[WHAT THE TASK ASKS]
Taking only the lines of the data below from the line with "Bayburt Konut Yapı Koop." to the line with "FELGI ALUMINIOWE 19x85J", ends included, write them out exactly and without pictures.

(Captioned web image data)

________________________________________

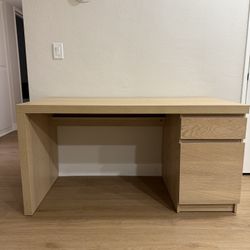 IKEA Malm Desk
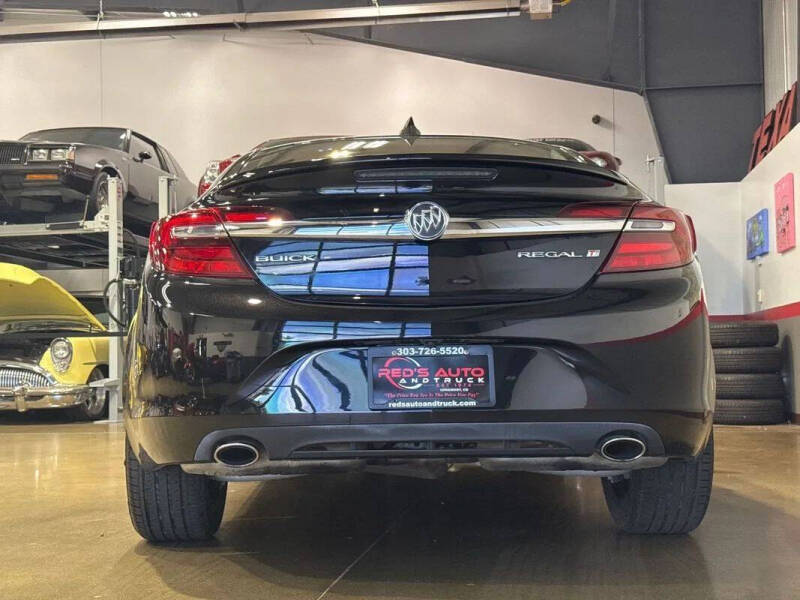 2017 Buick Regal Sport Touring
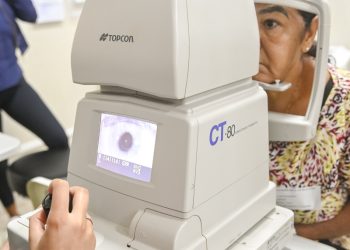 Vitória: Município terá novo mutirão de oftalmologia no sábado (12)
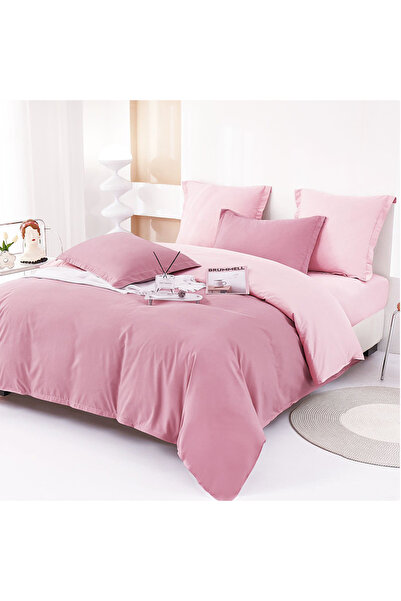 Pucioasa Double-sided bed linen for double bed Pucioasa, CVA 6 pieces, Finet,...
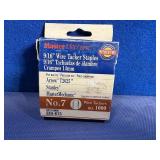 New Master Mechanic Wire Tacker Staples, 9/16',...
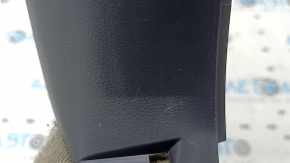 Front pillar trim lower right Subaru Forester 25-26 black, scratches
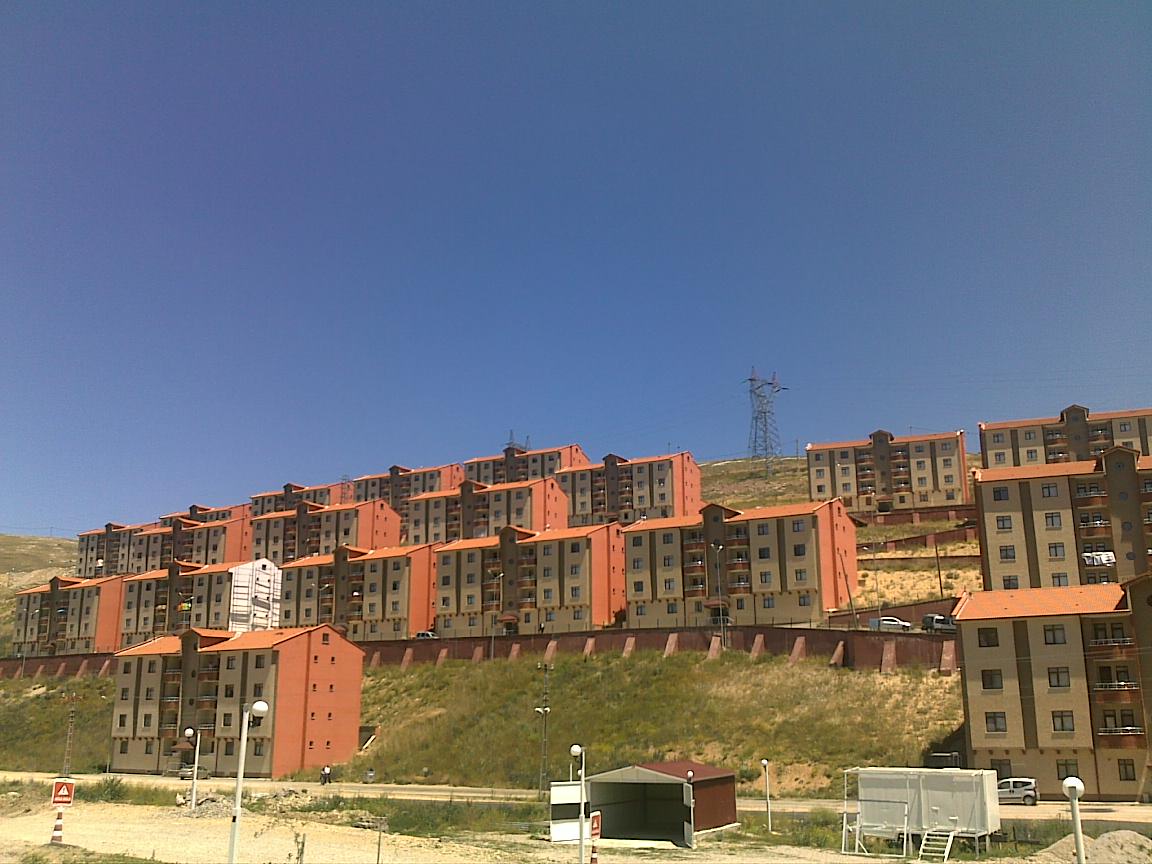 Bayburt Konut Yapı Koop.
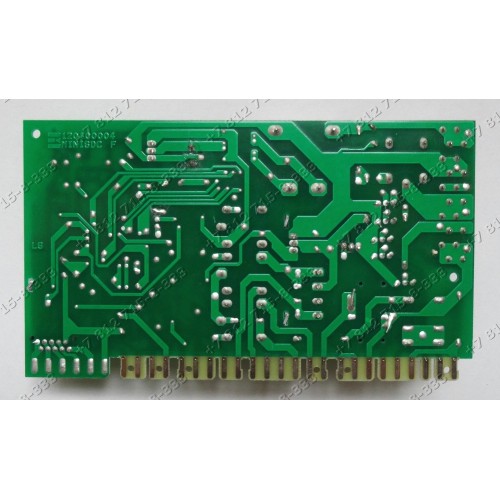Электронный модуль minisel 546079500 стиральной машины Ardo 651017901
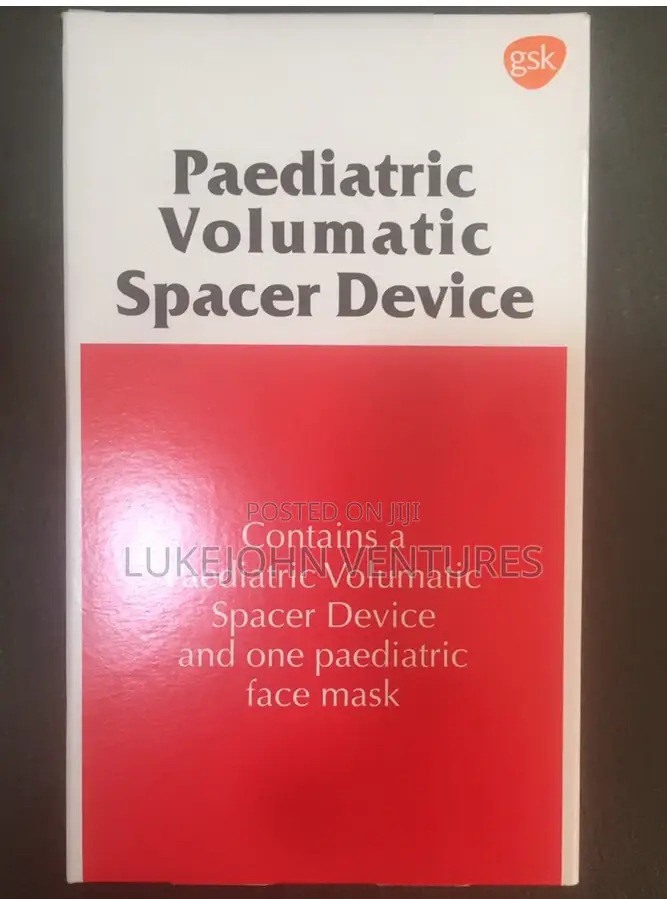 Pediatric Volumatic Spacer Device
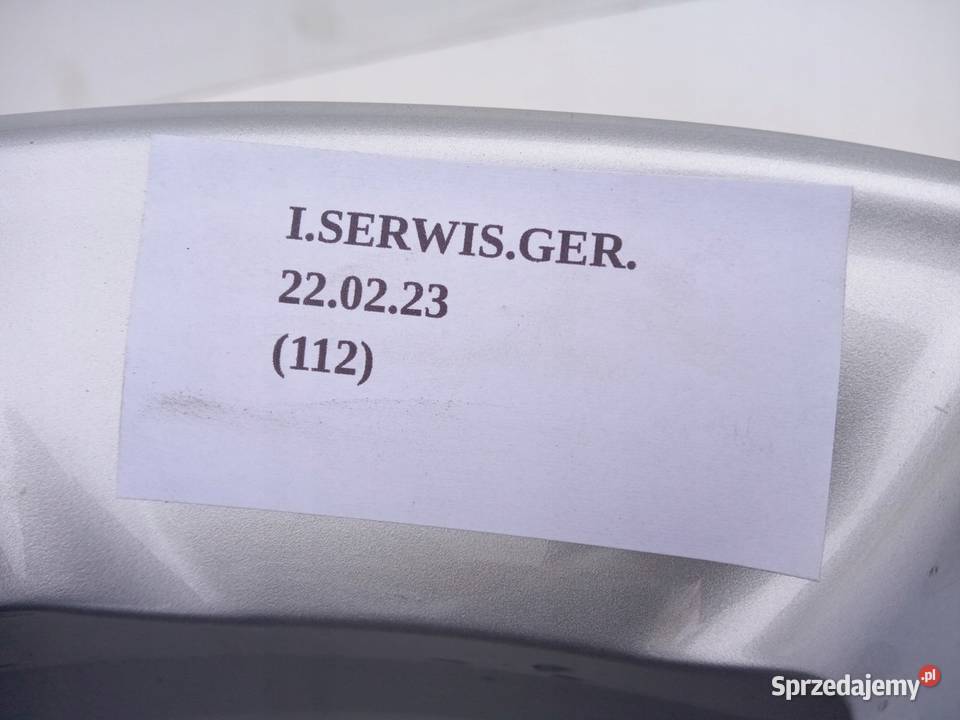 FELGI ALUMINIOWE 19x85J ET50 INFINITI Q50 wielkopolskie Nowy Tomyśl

________________________________________

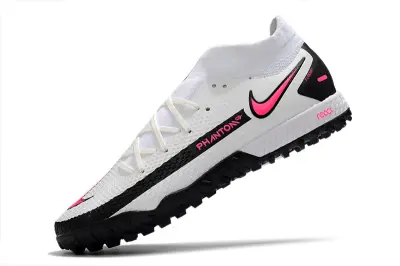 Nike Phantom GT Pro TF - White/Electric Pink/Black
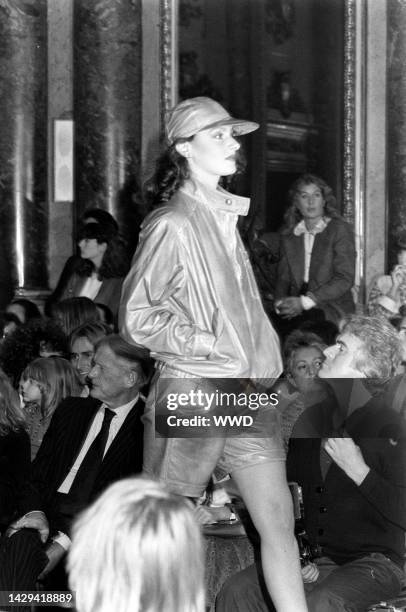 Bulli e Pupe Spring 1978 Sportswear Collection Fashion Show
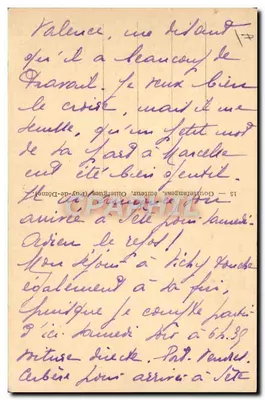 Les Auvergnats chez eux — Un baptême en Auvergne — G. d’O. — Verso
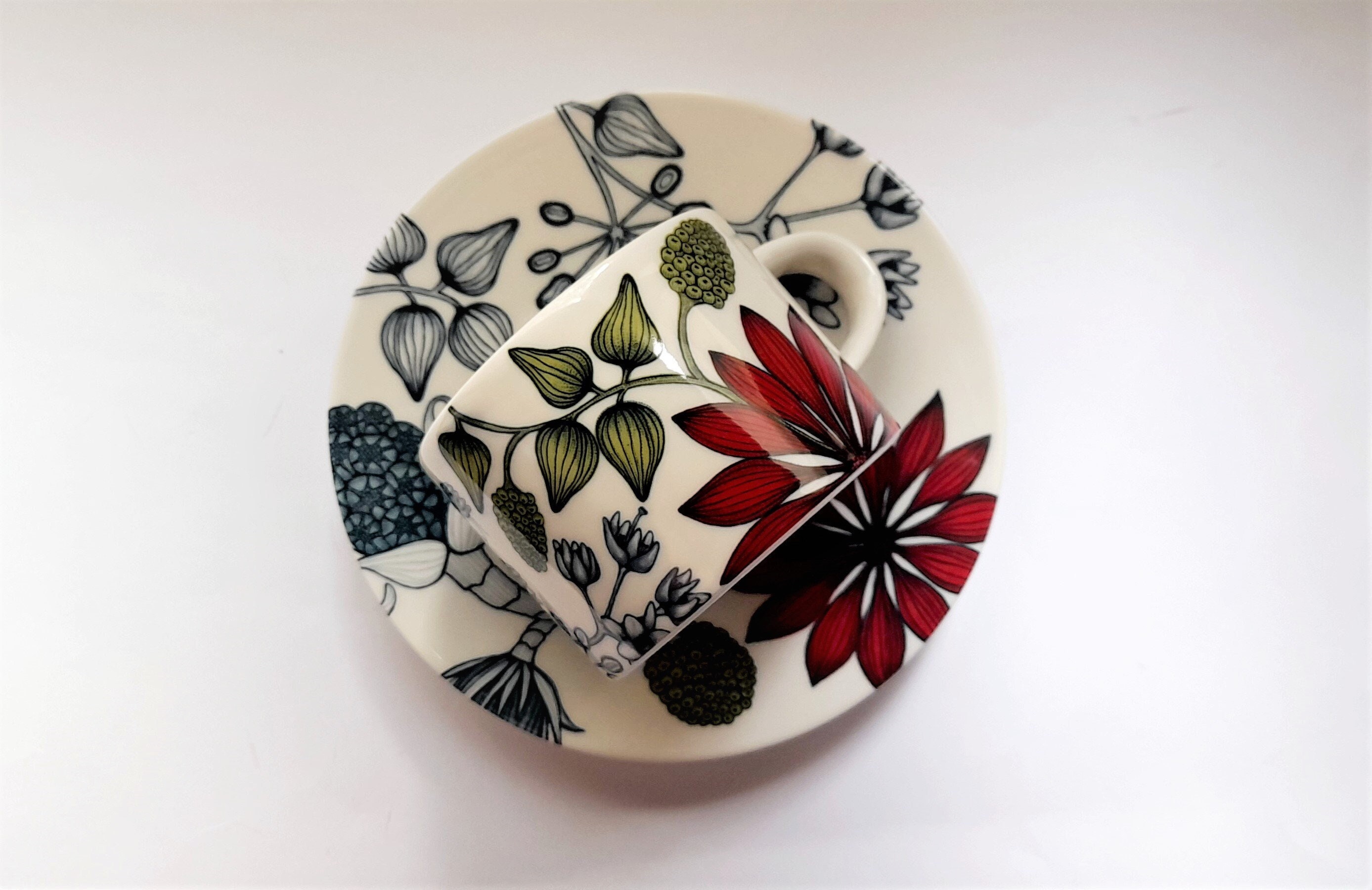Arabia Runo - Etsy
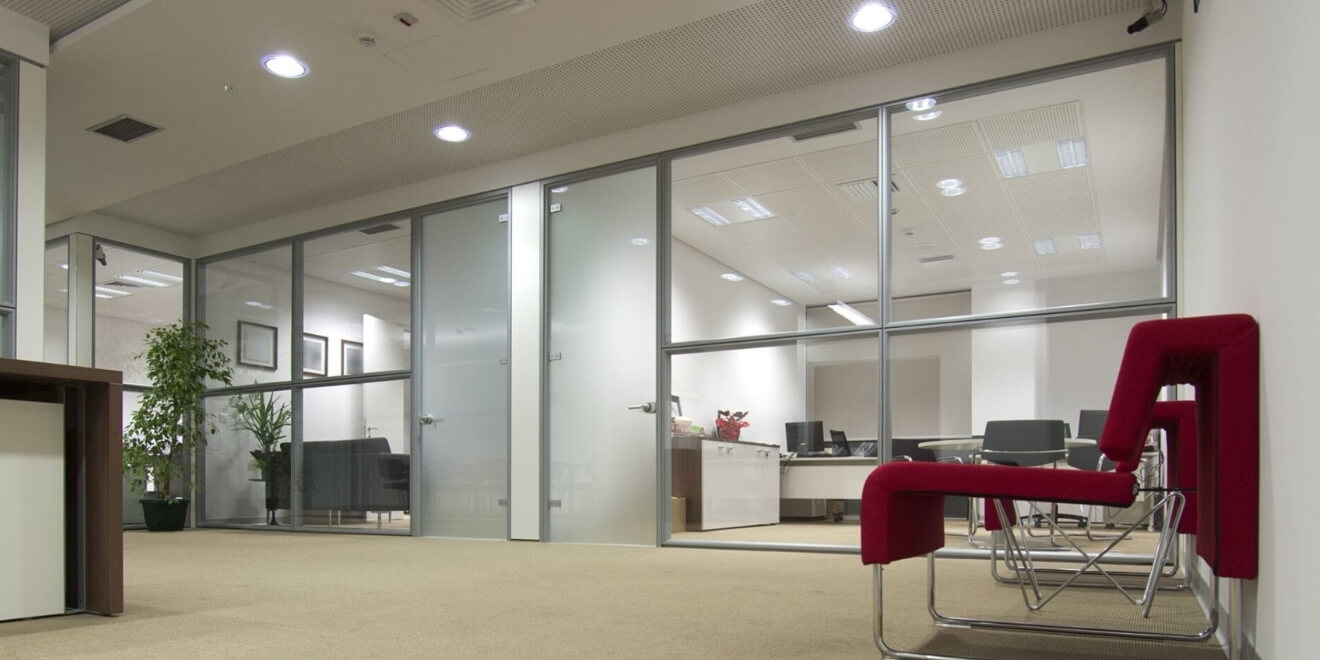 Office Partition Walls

________________________________________

[EXERCISE RESULT]
 Bayburt Konut Yapı Koop.
Электронный модуль minisel 546079500 стиральной машины Ardo 651017901
 Pediatric Volumatic Spacer Device
 FELGI ALUMINIOWE 19x85J ET50 INFINITI Q50 wielkopolskie Nowy Tomyśl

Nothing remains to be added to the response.